Thursday, August 27, 2009

Pacifism + Postmodernism = Maximum Confusion
And: The Tragedy Of The Worthless Assh*le

Ah, pacifism and postmodernism. In the long, sad history of stupid theories, these may be two of the stupidest. And if you put them together...well, you get something approaching a confusion singularity.

Cary Tennis
unloads some PoMo BS on a poor guy who feels bad after beating up another guy in self-defense.

And I mean, this is some really dopey stuff.

Almost every paragraph has some ridiculous nonsense in it, but my favorite is probably "fighting is a rhetorical procedure." Um, Cary, if you think that fighting is a "rhetorical procedure," then you're doing it wrong. It's definitely not rhetorical, and it's not even really a procedure ('activity' or 'act' would be more accurate).

Ah, but then we also get "Consider what the shove actually says. What the shove says is, I love you and I want to feel the violence of my love for you by having some contact." So for sheer, flat-out ridiculousness, that's also pretty hard to beat.

It's really rather difficult to be 100% wrong about something, but Mr. Tennis gets pretty close in this column. After a few paragraphs, one begins to wonder whether this is all a complicated joke. I kept expecting him to write "There? Now did that nonsense make you feel better? Quit looking for reasons to beat yourself up over this and just move on." But, um, that never happened. The PoMo/LitCrit BS just kept on coming.
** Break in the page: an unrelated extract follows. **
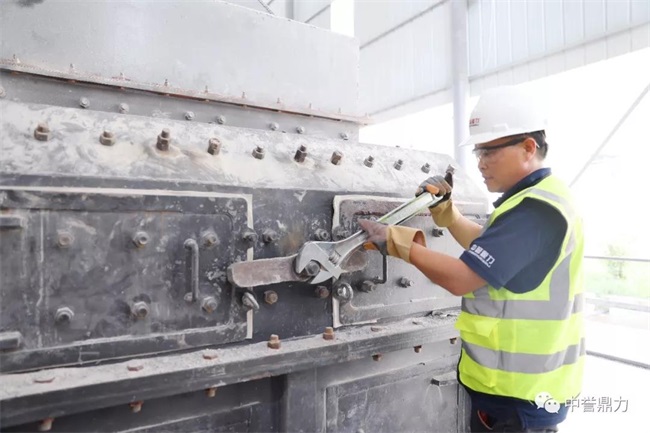 �ۺ󹤳̎��z���O��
It's too bad Tennis didn't try to actually address the guy's question seriously, because I find it interesting, in part because I've had almost exactly the same experience--after being given no option but to fight, and and after winning conclusively, I've felt really depressed...almost guilty.

Everything Tennis says about this is wrong--he's wrong that people never have to fight, he's wrong that the victims of the aggression have inevitably invited it, or enjoy it, he's wrong that it's some kind of ridiculous PoMo "narrative"/"rhetorical" whatsis...but there is an interesting question there, and my guess is that somebody has something interesting to say about it.

Me, I suspect violence just makes people sad, and it's easy to mistake sadness for guilt under such circumstances. But that's just a sort of guess. In my case it probably also has to do with the fact that I recognize that some people are simply assh*les who deserve, in Kant's memorable phrase, a right good beating. I'm also prone to reflect on how sad it is that there are such people. Living your life as a stupid assh*le is a tragic waste of the human spirit, and I feel bad for such people. I don't think we have enough appreciation for the tragedy of the assh*le, the guy who's basically a useless piece of crap, living his life as a despicable being, making the world a worse place, loved only by other assh*les, despised by everyone worthwhile. I mean, the average assh*le isn't Hitler or anything...but he's still an assh*le.

I mean, don't get me wrong--they still frequently deserve to get their asses kicked.

But it is kinda sad.

2 Comments:

Blogger Jim Bales said...

WS.

So, I'm reading, and I get it when Tennis says:
He shoved you and you put your hands up but you did not walk away.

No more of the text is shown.